Le métropolite de Beyrouth, Mgr Elias Audi. Photo ANI
Le métropolite grec-orthodoxe de Beyrouth Elias Audi a abordé, dans son homélie dominicale, un thème qui a fait couler beaucoup d’encre : l’imposition de nouvelles taxes indirectes par le gouvernement afin de financer une augmentation des salaires des fonctionnaires du secteur public. « Pourquoi les responsables ne font-ils pas leur possible pour le bien de leurs administrés, au lieu de les traiter injustement et de faire semblant d’ignorer leurs droits en imposant des taxes qui sont un fardeau supplémentaire, sans explorer d’autres moyens de financement », a-t-il déploré.
Le prélat a exhorté les responsables libanais à « effectuer les réformes nécessaires, à adopter la transparence, la justice et la bonne gouvernance pour relancer l’économie et attirer les investissements, sans répéter les erreurs de leurs prédécesseurs ».

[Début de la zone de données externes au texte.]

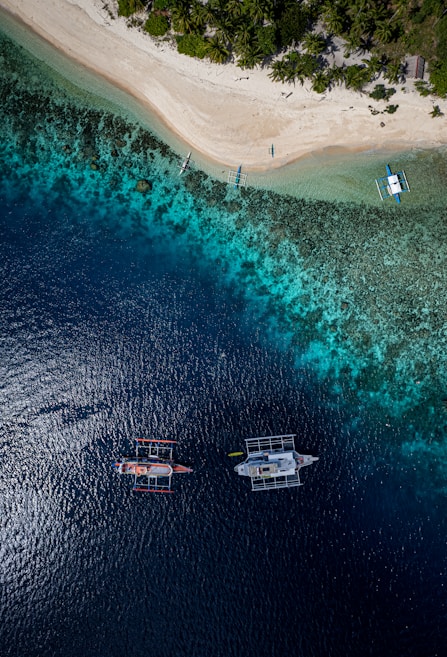 A group of boats floating on top of a body of water
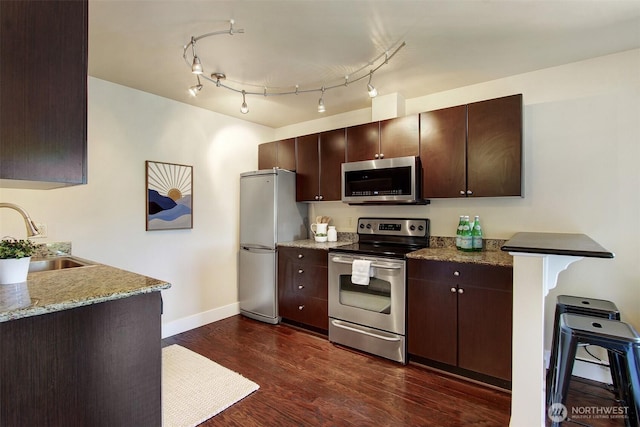 120 NW 39th St Unit 406, Seattle, WA 98107 - kitchen with stainless steel appliances, a sink, dark brown cabinetry, baseboards, and dark wood-type flooring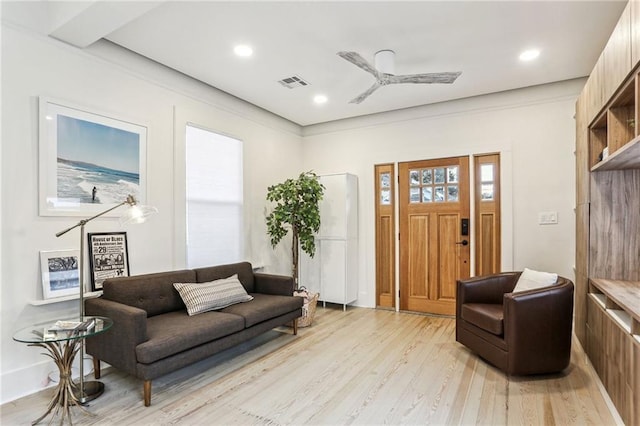 living room featuring ceiling fan and light hardwood / wood-style flooring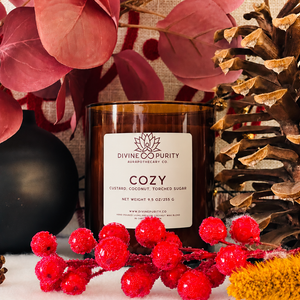 Divine Purity Cozy candle with red berries, burgundy leaves and a pinecone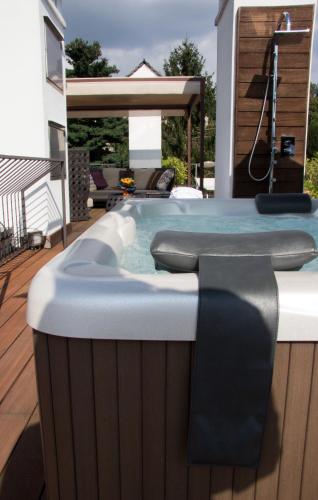 a hot tub on the deck of a house at Hotel San Rocco in Orta San Giulio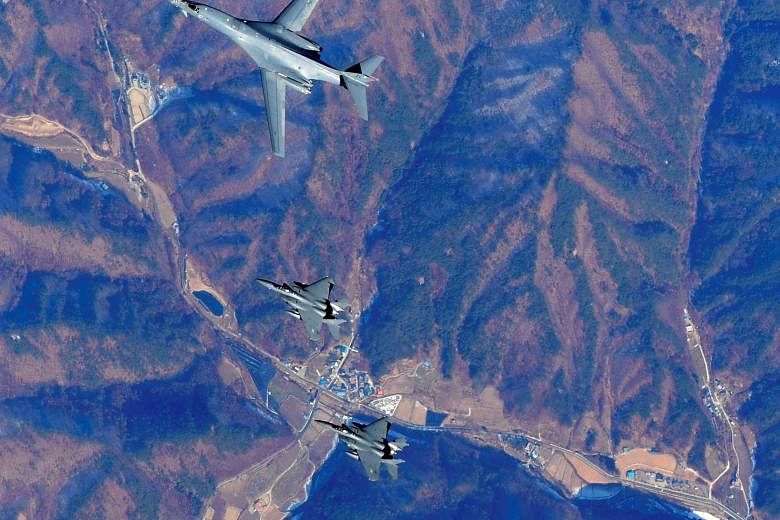 US Air Force B-1B Lancer bomber (centre) flying over South Korea with other US and South Korean fighter jets during a joint military drill in a photo released by the South Korean Defence Ministry on Wednesday.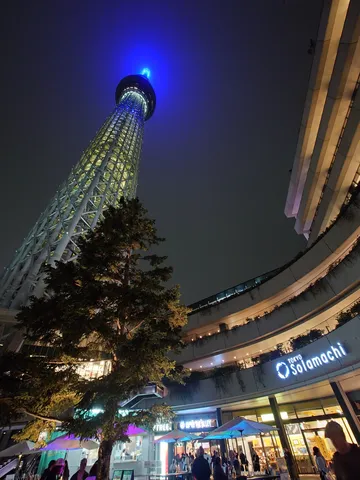 夜空にそびえる青い光と都会の賑わい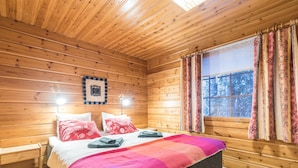 Une chambre à coucher dans une cabane en bois, avec un lit, deux tables de chevet, une fenêtre avec des rideaux et un tableau encadré au mur.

En vue de financer des hausses des salaires de fonctionnaires, notamment les militaires en service et à la retraite, le gouvernement de Nawaf Salam a pris plusieurs mesures impopulaires, dont l’imposition de droits d’accises équivalant à 3,5 dollars sur les carburants, la majoration de la TVA d’un point et l’ajout de taxes sur les conteneurs entrant au port. Les rémunérations du secteur public ont été largement rognées, depuis le début de la crise économique et financière en 2019, par la très forte dépréciation de la livre libanaise, qui a perdu plus de 90 % de sa valeur par rapport au dollar américain.